In this vein, Bae’s “Ex Radios” (2019) and “Shadows of Thought (Mango Coconut Island, Butterscotch and Fresh Linen over Seojin circa 2014 – 2016)” (2019) offer familiar objects gutted and pulled-apart, order and coherence giving way to absence and chaos. “Ex Radios” is a collaged scroll of how-to manuals for assembling objects the artist “had a strong relationship with” but removed of all language and instruction. The remaining voids are arranged in a busy symphony resembling a complicated score or an impossibly dense urban map and, at times, a monochrome constructivism. “Shadows of Thought” is more playful and childlike, a discarded electronic screen gummed up with layers of butterscotch candy, a popsicle stick and bits of packaging and wire–a casualty, perhaps, of a thousand years on the floor of a well-loved minivan.

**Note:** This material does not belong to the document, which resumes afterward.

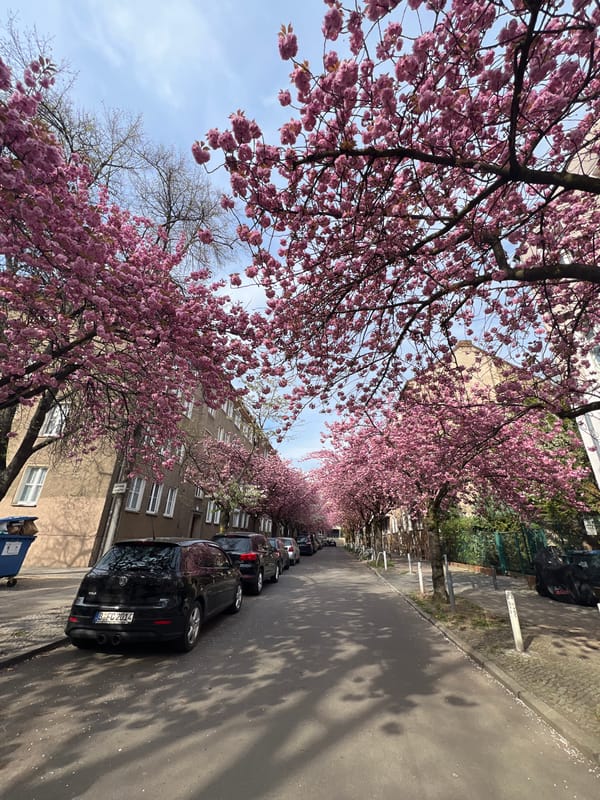 Cherry blossoms bloom along Berlin street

Installation view, “Chicago Works: Gregory Bae”/Photo: Nathan Keay, © MCA Chicago
Both artworks, once helpful and rational objects at the end of their useful capacity, inspire a type of awe, like Rembrandt’s anatomy students marveling at the complex system of veins and muscles inside the human body. The coming apart of these objects, in one case careful and systematic, and in the other apparently random, seems to memorialize the importance and meaning the objects once carried, while paying equal respect to their dissolution. Feminist theorist Luce Irigaray writes about this encounter between the entropy of the world and the transcendence of love as the space of “wonder,” which is “only possible when we are faithful to the perpetual newness of the self, the other, the world. Faithful to becoming… the passion of the encounter between the most material and the most metaphysical… between mortal and immortal.” The meaning of love is accomplished through the inability of the body and its passions to stand up to the test of time, the wonder of the impermanent and the fragile.
“Chicago Works: Gregory Bae” is a powerful testament to Bae’s wonder at the intersection of life and love—an invitation to turn toward, rather than away from, the pleasure and pain of the endings that make beginnings so worthwhile. In this way, Bae provides a blueprint for living, sensitive to the time we have, and refusing to turn away from each day as it breaks. (Emeline Boehringer)
“Chicago Works: Gregory Bae” is on view at MCA Chicago, 220 East Chicago, through January 29, 2023.